La menace invraisemblable de la pénurie de sable

Sablier évoquant la pénurie de sable
Crédit : Nakheel-Palm Deira

La raréfaction de l’eau potable, du pétrole ou même du chocolat sont déjà des pénuries problématiques mais dont les solutions, qu’elles soient coûteuses ou compliquées, ont le mérite d’exister. La pénurie de sable en revanche pourrait bien poser les plus grands des soucis à l’humanité…

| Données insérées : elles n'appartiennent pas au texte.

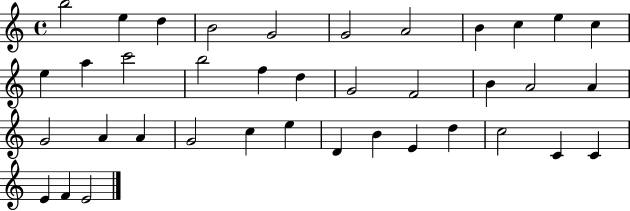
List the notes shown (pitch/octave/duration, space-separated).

B5/h E5/q D5/q B4/h G4/h G4/h A4/h B4/q C5/q E5/q C5/q E5/q A5/q C6/h B5/h F5/q D5/q G4/h F4/h B4/q A4/h A4/q G4/h A4/q A4/q G4/h C5/q E5/q D4/q B4/q E4/q D5/q C5/h C4/q C4/q E4/q F4/q E4/h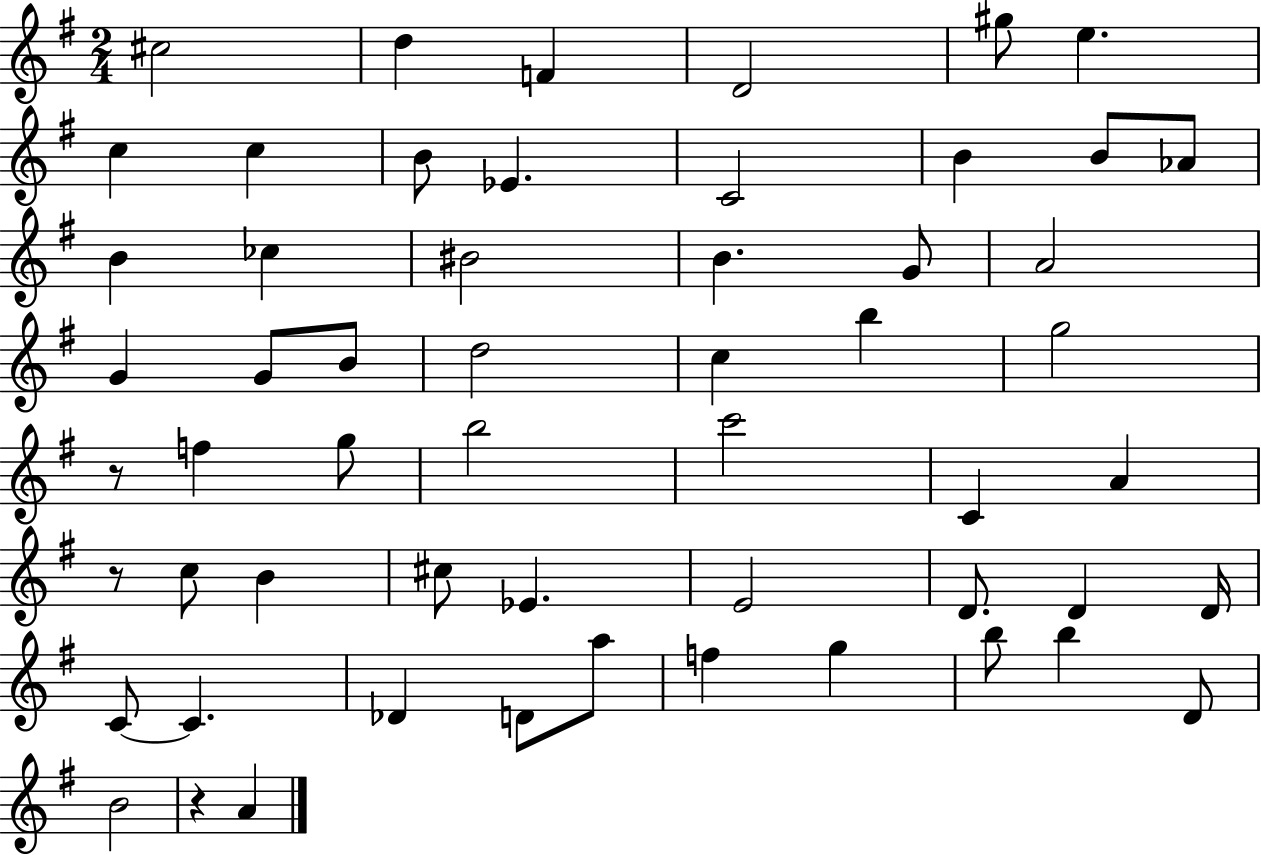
X:1
T:Untitled
M:2/4
L:1/4
K:G
^c2 d F D2 ^g/2 e c c B/2 _E C2 B B/2 _A/2 B _c ^B2 B G/2 A2 G G/2 B/2 d2 c b g2 z/2 f g/2 b2 c'2 C A z/2 c/2 B ^c/2 _E E2 D/2 D D/4 C/2 C _D D/2 a/2 f g b/2 b D/2 B2 z A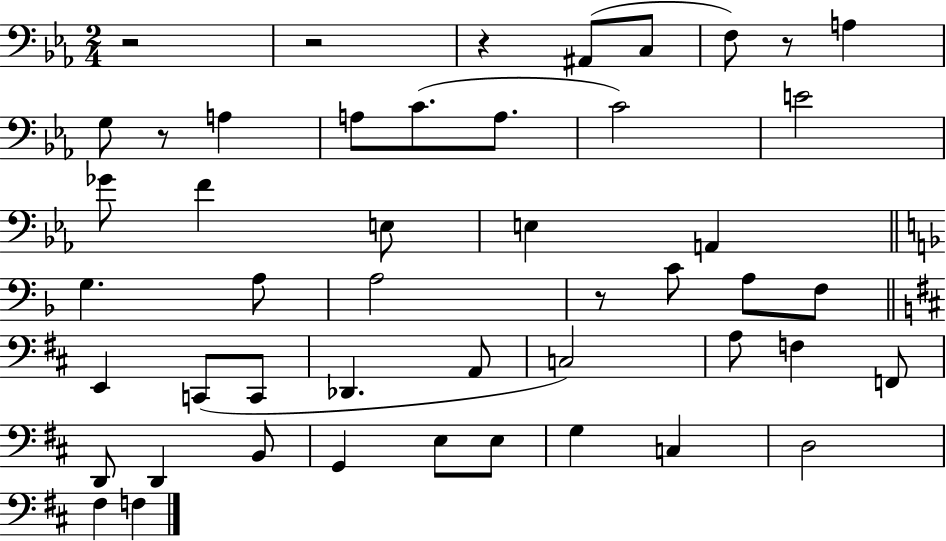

Le sable est plus précieux que le pétrole ou l’or

Construction en béton
Crédit : NATO

Dans le trio de tête des ressources les plus utilisées sur terre on trouve dans l’ordre : l’air, l’eau et le sable. S’il est indispensable à la fabrication des ordinateurs, des smartphones, du verre ou du papier, ce dernier est aussi à l’origine du dioxyde de silicium que l’on trouve dans le vin, les produits cosmétiques et le plastique. Mais c’est avant tout son rôle dans l’élaboration du béton qui le rend si vital : c’est grâce à lui qu’on construit nos maisons, nos bâtiments et nos infrastructures.

Notre monde sans informatique, sans verre et sans béton ne ressemblerait plus du tout à celui que l’on connaît.

L’abondance du sable est une illusion

Très souvent, on voit que pour qu’un problème s’inscrive à l’ordre du jour, il faut qu’il devienne très grave – Pieter de Pous

Malheureusement seul le sable brassé par l’eau est utilisable en construction. Il est impossible de construire avec le sable des déserts, trop fin, trop rond et trop lisse : il ne s’agrège pas en béton.

Prélever le sable des rivières affaisse les berges et provoque crues et inondations. Les dragueurs prélevant sa mince couche rocailleuse dans l’océan coûtent cher, et détruisent la base de toute vie marine. Ainsi ni les rivières, ni les océans ne constituent des sources d’approvisionnement pérennes, et 70 à 90% des plages sont déjà menacées de disparition selon Denis Delestrac.

L’épuisement des ressources s’accélère

On estime les besoins en sable à environ 200 tonnes pour une maison, 30.000 tonnes pour 1km d’autoroute et 12.000.000 de tonnes pour une centrale nucléaire.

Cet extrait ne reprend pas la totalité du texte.